We have proposed a possible self-assembly mechanism for PBDT/Ca2+ anisotropic gels (Figure 4).45 Before the dialysis, the PBDT solution is macroscopically isotropic. After immersing the reaction cell in a CaCl2 solution, the small Ca2+ ions readily diffuse into the solution of negatively charged PBDT through the semi-permeable membrane, leading to electrostatic complexes along the Ca2+diffusion front and simultaneous self-assembly of PBDT molecules into mesoscopic fibrous bundles at the diffusion front. Owing to the sharp Ca2+ concentration gradient, the semi-rigid PBDT molecules orient parallel to the diffusion front (perpendicular to the diffusion direction) to form more stable bundles. Meanwhile, the PBDT molecules in the central region diffuse to the Ca2+ flux front due to the local PBDT concentration gradient. As PBDT molecules are transported from the central region of solution to the diffusion flux front, the transverse diffusion (motion) of the semi-rigid PBDT is severely suppressed by the surrounding rod molecules due to steric constraints, while the longitudinal diffusion is barely influenced.60, 61 As a result, the PBDT molecules at the diffusion flux front show a favorable orientation that is parallel to the Ca2+ diffusion direction. Finally, the Ca2+ fluxes from the two ends meet and form the LC gel in the narrow central region, with the PBDT molecules aligned parallel to the Ca2+ diffusion direction.
An illustration of complexation-driven anisotropic LC gel formation via dialysis of PBDT solution in Ca2+ solution. Before the Ca2+ diffusion, the PBDT solution is macroscopically isotropic. When the Ca2+ diffuses readily into the anionic PBDT solution, the electrostatic complexation and gelation occur at the diffusion front and the PBDT molecules simultaneously self-assemble into fibrous bundles. Owing to the large Ca2+ concentration gradient, the semi-rigid PBDT molecules orient parallel to the diffusion front (perpendicular to the diffusion direction) to form more stable bundles. Meanwhile, the PBDT molecules in the central region diffuse to the Ca2+ flux front due to the local mobile PBDT concentration gradient. The transverse diffusion (motion) of the semi-rigid PBDT is severely suppressed by steric constrains from the surrounding rod molecules, while the longitudinal diffusion is barely influenced. As a result, the PBDT molecules at the Ca2+ diffusion front show a favorable orientation that is parallel to the Ca2+ diffusion direction. Finally, the two Ca2+ fluxes from the two ends meet and form the LC gel in the narrow central region, with the PBDT molecules parallel to the Ca2+ diffusion direction. The PBDT bundles are not shown here for simplicity. Reproduced with permission from Wu et al.45
Synthesis of polymeric hydrogels with millimeter-scale LC structures
Hydrogels with cylindrically symmetric structure by self-assembly of the semi-rigid polyion complex
From synthesizing PBDT physical gels via diffusion processes, we know that controlling the self-assembly direction of PBDT molecules and their complexes is crucial for developing macroscopic LC structures. Our previous work synthesized a hydrogel with anisotropic domains by thermal polymerization of a cationic monomer, N-(3-(N,N-dimethylamino)propyl) acrylamide methyl chloride quaternary (DMAPAA-Q), in the presence of a small amount of PBDT functioning as a dopant.38, 39 The chemical structure of DMAPAA-Q is shown in Scheme 1b. During the polymerization of the isotropic precursor solution, semi-rigid polyion complexes form and self-assemble into ∼1 mm randomly dispersed anisotropic domains. If we could control the self-assembly direction of polyion complexes during the polymerization, it would be possible to develop macroscopically ordered structures in hydrogel.

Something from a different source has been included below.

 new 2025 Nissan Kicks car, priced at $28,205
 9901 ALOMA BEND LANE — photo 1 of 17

Our strategy was to polymerize the precursor solution by surround ultraviolet irradiation, as shown in Figure 5a. The glass tube filled with precursor solution was vertically placed in the center of four ultraviolet lamps arranged in a square. The reaction should take place from the outer region to the central, which should control the self-assembly direction. The PBDT used here has an Mw of 1.8 × 106 g mol−1, much larger than the 8 × 104 g mol−1 that was used in our previous study.38, 39 The samples are coded as QP-CQ–CP, where CQ is the cationic monomer concentration in M and CP is the PBDT concentration in wt%. All of the samples are synthesized using a constant concentration of a chemical cross-linker (2 mol%) and photo-initiator (0.15 mol%, relative to the monomer concentration).

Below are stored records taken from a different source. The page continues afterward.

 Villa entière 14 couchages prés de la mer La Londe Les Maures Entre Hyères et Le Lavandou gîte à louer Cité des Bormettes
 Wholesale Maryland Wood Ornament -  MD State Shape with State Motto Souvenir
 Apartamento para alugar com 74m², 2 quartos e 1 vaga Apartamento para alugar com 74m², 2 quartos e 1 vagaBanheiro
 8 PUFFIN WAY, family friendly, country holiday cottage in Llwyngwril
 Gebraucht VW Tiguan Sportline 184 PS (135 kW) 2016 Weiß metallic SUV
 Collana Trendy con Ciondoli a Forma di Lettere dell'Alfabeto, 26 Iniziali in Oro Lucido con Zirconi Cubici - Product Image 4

(a) The schematic for an experimental setup to synthesize a cylindrical gel with ordered structures. A glass tube with the precursor solution is vertically placed in the center of four ultraviolet (UV) lamps arranged in a square. (b) The appearance of gel swelled in a 1-M NaCl aqueous solution. The disc piece is cut from the cylinder gel. (c) POM images of the precursor solution in the glass tube, of the as-prepared cylindrical gel, and of the swollen gel (QP-2.5-1). Reproduced with permission from Wu et al.42
The precursor solution has no birefringence. However, the as-prepared gel is transparent and exhibits strong birefringence that is maintained after swelling the gel in a 1-M NaCl solution (Figures 5b). We note that poly(DMAPAA-Q) gels synthesized without PBDT have no birefringence. The PBDT-containing gels synthesized with the anionic monomer 2-acrylamido-2-methylpropanesulfonic acid and neutral one hydroxyethyl acrylate also show no birefringence. Thus, the above oriented structure in PBDT-containing poly(DMAPAA-Q) hydrogels is related to the electrostatic interaction between the polycation and the oppositely charged semi-rigid PBDT that triggers the self-assembly and orientation. Furthermore, the flexible polycation has a much shorter persistence length and entwines with the semi-rigid PBDT;42 therefore, the birefringence should mainly be attributed to the oriented PBDTs.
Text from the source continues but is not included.